Using the industry-standard GTFS data format for transportation information, Stringliner can produce a multitude of stringline visualizations with customizations for locations to plot, stop markers, coloring by line/direction/trip, combined lines with different reference locations, and more. You can also use a separate inventory of milepost locations and reference markers should you wish to further customize a line’s display.

BYO GTFS and use its shape data, the existing milepost references, or add your own. You’re only minutes away from easy stringline visualizations… just without the expensive software cost (as is typical in the industry).

See a gallery of sample plots below, or “Access Today’s Stringlines” below to see automatically-generated stringline plots for today’s schedule on many major operations

Excel2GTFS

With GTFS data being the primary means of modeling transportation operations in customer-facing touchpoints (e.g. digital signage, websites, mapping applications, predictive data baselines, etc.), being able to robustly produce updated GTFS data is essential to serving the needs of customers.

While producing GTFS data should, in theory, be relatively easy (as the data structure consists of comma-delimited text files whose structure largely replicates that of existing transit scheduling system databases), that’s often not the case for operations whose size/scale don’t warrant a full-blown scheduling system.

What do these systems often use to reflect their schedules instead? Microsoft Excel.

For small bus networks, simple rapid transit lines, rail networks with practically nonexistent variability, etc., this is entirely workable. The challenge is, though, there historically hadn’t been a particularly good way to create GTFS data from this. Sure, tools have existed to support this effort for small operations, but they’re often not feature-rich and require a significant learning curve.

Enter Excel2GTFS. Download the relatively simple spreadsheet and enter the data for your network. Formulas at the top provide checks to ensure things are looking correct, and a script, well, converts the Excel sheet to GTFS.

The tool is also robust enough to support instances in which not all fields are populated, in which case, the files generated can be combined with existing ones to publish data updates. Output data can also be passed to some of the other GTFS tools, like Stringliner, to produce a stringline diagram of the GTFS service.

Walk Scores by Station

Plots of Redfin’s Walk Scores by station for various railroads.

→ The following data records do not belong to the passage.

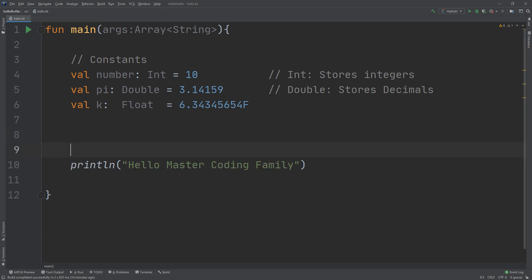You now understand variables, values, constants, and constant data types in Kotlin. We are ready to go through variables in the next lesson.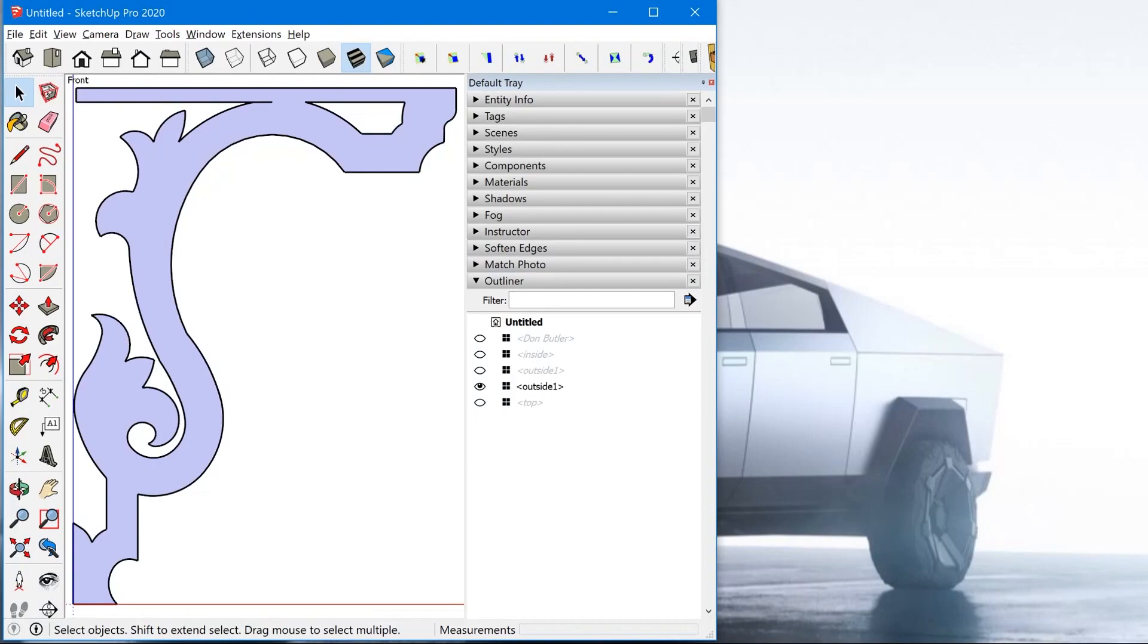Hey, I'm Matt from MasterSketchup.com and in this video, I'm going to show you how to take your 3D model and print it at full scale.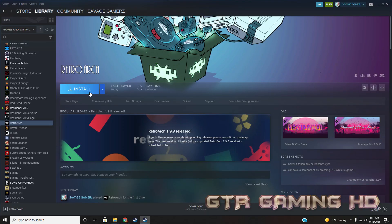Hello everyone, welcome to GTR Gaming HD. I hope you guys are having a splendid day today. I'm going to teach you guys how to get the PlayStation 2 emulator fully working in RetroArch in Steam. Alright, let's get started.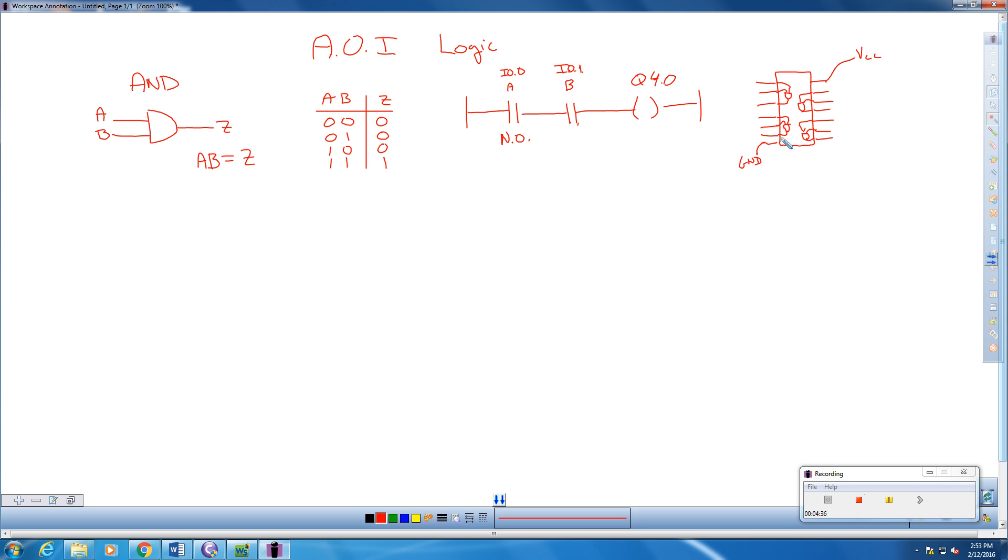So they have 14 pins, and inside there are 4 logic gates, 4 different AND gates. So I can control 4 different logic controls here.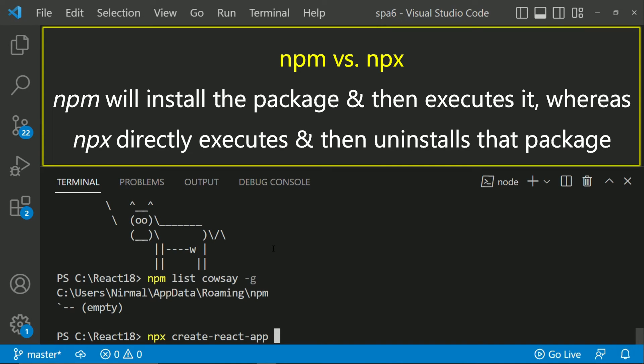So the difference between NPM and NPX is that NPM will install the package and then you can run it, whereas NPX directly executes and then uninstalls that package.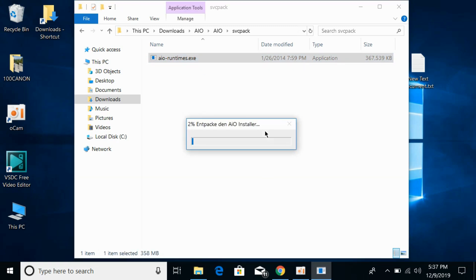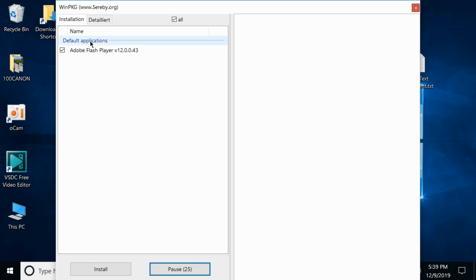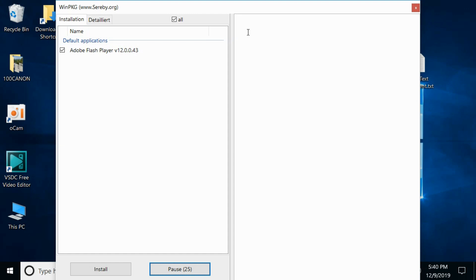Here it is unpacking — this process will take a bit of time. Once the process is complete, you will see the list of all the applications you need to install. Simply select all the softwares and click on install. One by one all the required software will be installed and you can see the progress.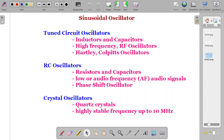Oscillators are not only sinusoidal — they don't only produce sine waves. They can also produce square waves, triangular waves, sawtooth waves, or any other type. Here we will be discussing more about sinusoidal oscillators, which can generally be classified into three types: tuned circuit oscillators, RC oscillators, and crystal oscillators.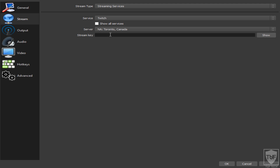Your stream key — make sure you go on Twitch or whatever platform you're on, grab your stream key, and paste it in here. Never give anyone your stream key. Click Apply.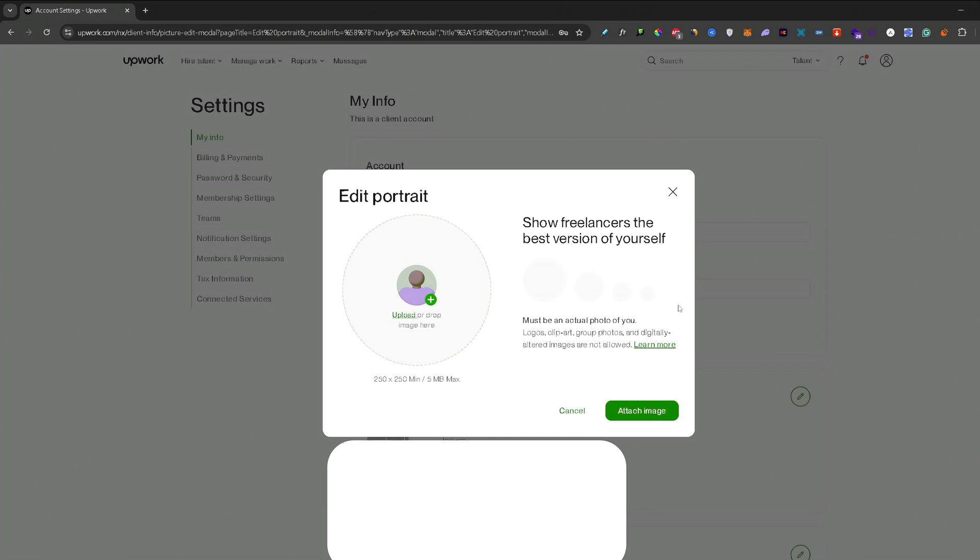And that's how you can change your Upwork profile picture. If you found this video helpful, don't forget to leave a like and subscribe. Thank you for watching.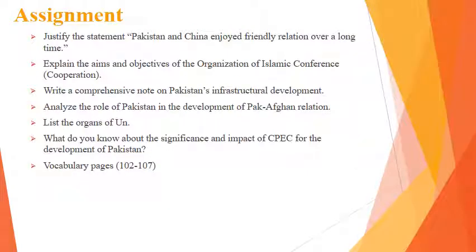As part of the assignment, the questions include: justify the statement that Pakistan and China enjoyed friendly relations over a long period of time; the aims and objectives of OIC; a note on Pakistan's infrastructural development; the role of Pakistan in the development of Pak-Afghan relations; the organs of the United Nations; the significance and impact of CPEC for the development of Pakistan; plus vocabulary from pages 102 to 107. I reiterate: you still have time to submit your assignments. Wish you best of luck. Thank you.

Note that the Walk Score does NOT reflect a station’s walkability (e.g. how easy it is to access the station by walking, pedestrian infrastructure, etc.). Instead, the score reflects the geographic proximity to standard living amenities within a walkable distance of a given location.

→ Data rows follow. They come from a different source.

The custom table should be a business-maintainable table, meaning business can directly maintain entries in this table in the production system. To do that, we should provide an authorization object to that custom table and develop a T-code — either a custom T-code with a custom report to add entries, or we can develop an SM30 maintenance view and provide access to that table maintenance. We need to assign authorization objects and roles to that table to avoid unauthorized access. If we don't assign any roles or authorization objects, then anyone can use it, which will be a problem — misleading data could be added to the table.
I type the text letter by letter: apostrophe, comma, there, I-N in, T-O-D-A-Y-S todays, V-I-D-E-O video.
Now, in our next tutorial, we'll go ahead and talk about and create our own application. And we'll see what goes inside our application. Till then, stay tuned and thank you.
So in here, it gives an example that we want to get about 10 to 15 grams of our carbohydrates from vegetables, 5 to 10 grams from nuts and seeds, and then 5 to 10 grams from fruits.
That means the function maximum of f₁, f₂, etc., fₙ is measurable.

Stations with a higher score are located in neighborhoods with sufficient amenities/destinations within a walkable distance, typically indicative of enabling a resident at that location to go about their lives and access basic necessities by walking. This typically correlates with having supporting infrastructure, but need not necessarily be the case.

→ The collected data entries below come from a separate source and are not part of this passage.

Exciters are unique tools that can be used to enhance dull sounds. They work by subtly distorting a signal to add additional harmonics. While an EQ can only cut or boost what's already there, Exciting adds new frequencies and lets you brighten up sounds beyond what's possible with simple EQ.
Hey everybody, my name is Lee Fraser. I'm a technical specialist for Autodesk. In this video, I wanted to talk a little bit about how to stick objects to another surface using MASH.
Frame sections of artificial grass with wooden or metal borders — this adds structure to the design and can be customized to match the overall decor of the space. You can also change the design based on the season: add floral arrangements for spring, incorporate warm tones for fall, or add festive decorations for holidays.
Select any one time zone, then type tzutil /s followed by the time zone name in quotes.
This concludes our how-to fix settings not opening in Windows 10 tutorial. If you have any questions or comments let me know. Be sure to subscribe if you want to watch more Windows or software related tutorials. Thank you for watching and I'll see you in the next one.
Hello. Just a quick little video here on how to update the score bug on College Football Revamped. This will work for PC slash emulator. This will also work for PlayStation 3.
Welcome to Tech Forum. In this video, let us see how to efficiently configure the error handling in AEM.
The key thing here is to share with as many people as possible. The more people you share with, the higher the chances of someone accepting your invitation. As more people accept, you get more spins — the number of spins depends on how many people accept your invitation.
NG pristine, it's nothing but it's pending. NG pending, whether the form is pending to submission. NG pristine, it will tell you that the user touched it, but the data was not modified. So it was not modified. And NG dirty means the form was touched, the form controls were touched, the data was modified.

Stations located at the edge of a walkable neighborhood may not reflect their walkability since the destination catchment area is measured from the station, rather than the downtown / livable area… even though the proximity from the station to the amenity is less reflective than the proximity from the downtown to the station and other destinations.

Certain stations may have scores that do not reflect actual walking access; e.g. stations located in parks or office complexes — despite potentially having good pedestrian facilities — typically score poorly as they lack proximate amenities like grocery stores that are considered essential to walkable life in such a neighborhood.

As an extreme example, two Metro-North stations (Breakneck Ridge and Manitou) that are both stops quite literally on a hiking trail have Walk Scores of 3/100 and 2/100, respectively. This does not reflect that the stations are not walkable, as they are both primarily accessed by walking. Instead, it reflects the lack of daily living amenities within a walkable distance since the stations are on hiking trails in the woods, far from amenities that would make life possible entirely by walking.